May is Asthma Awareness Month, and May 1st is World Asthma Day. As a leading chronic illness affecting children and adolescents across the country, managing pediatric asthma is imperative to the health of the younger generation. With asthma affecting so many school-aged children, implementing asthma management practices into schools, where children spend much of their time, is especially important. NEEF partners with the National Association of School Nurses (NASN) to implement environmental management of pediatric asthma in schools across the country, creating healthy, safe environments for students to grow and learn.
What is asthma, and who is most affected?
Asthma is a disease that affects the lungs causing wheezing, breathlessness, chest tightness, and coughing at night or early in the morning. When exposed to environmental triggers, such as outdoor and indoor air pollution, dust mites, mold, pet dander, and other allergens, these symptoms may become heightened, signaling an asthma attack.
Asthma is a leading chronic illness among children and adolescents in the US. Children are at a higher risk for developing the negative health effects of indoor air pollution due to their sensitivities to exposures and the amount of time they spend in school. School buildings tend to suffer from poor indoor air quality due to poor ventilation, design, maintenance, and cleaning. In a classroom of 30, about 3 students are likely to have asthma, and nearly one in two children with asthma miss at least one day of school each year because of their symptoms.

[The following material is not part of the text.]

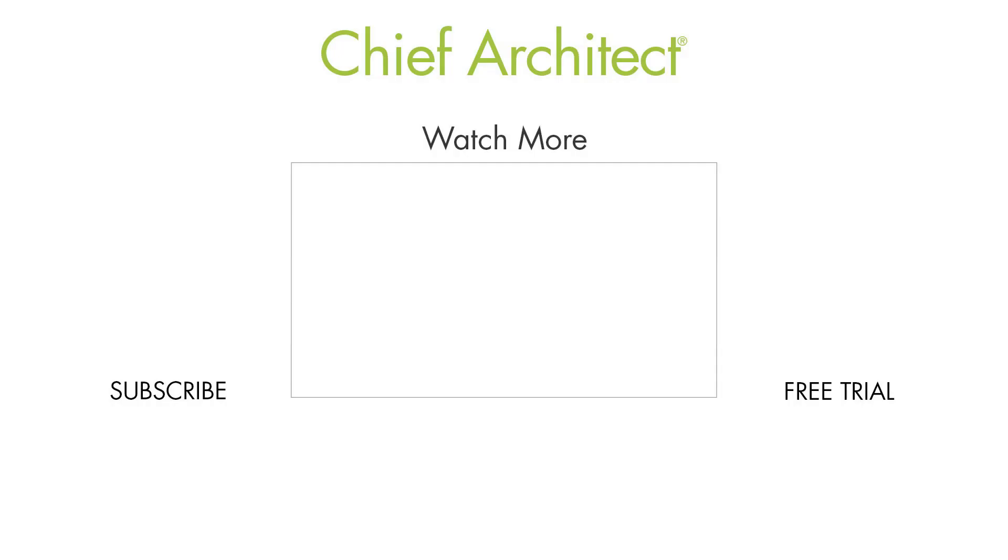That wraps up this video on frieze moldings. Please see the built-in help file as well as our other videos. And thanks for watching.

Because so many children are affected by asthma, it is imperative to control asthma in schools, which can act as reservoirs for a host of allergens and pollutant exposures.
How can asthma symptoms be alleviated?
Exposure to environmental triggers plays a big role in a child's asthma symptoms. Environmental triggers may include outdoor and indoor air pollution, dust mites, mold, cleaning products, pet dander, and other irritating substances. When exposed to these triggers, taking asthma medication is the first step to alleviate symptoms. As a supporting step, controlling exposure to environmental triggers can help prevent asthma exacerbation in the first place. This may include vacuuming and cleaning daily; reducing exposure to second hand smoke; reducing presence of wet, mold-producing surfaces; and limiting outdoor activity when air quality is poor. The Environmental Protection Agency's Air Now offers daily Air Quality Index conditions for over 400 cities.

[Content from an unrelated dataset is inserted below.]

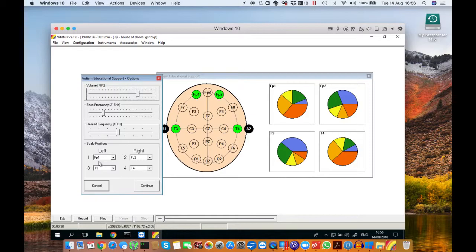You can adjust the base frequency which adjusts the tone of the sound that they're listening to, and the desired frequency. You can change this between 1 and 30. We've got it set to 16 because that's what trains relaxed attention.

How can school environments be more asthma-friendly?
The Centers for Disease Control's (CDC) National Asthma Control Program (NACP) plays an integral role in promoting asthma-friendly schools. NACP partners with schools around the country in order to create safe and supportive learning environments for students with asthma. NACP funds many activities in schools, including school-based asthma management, indoor air quality and asthma trigger reduction, and educational training for school personnel. A number of state programs have deployed standardized asthma action plans for school nurses as well.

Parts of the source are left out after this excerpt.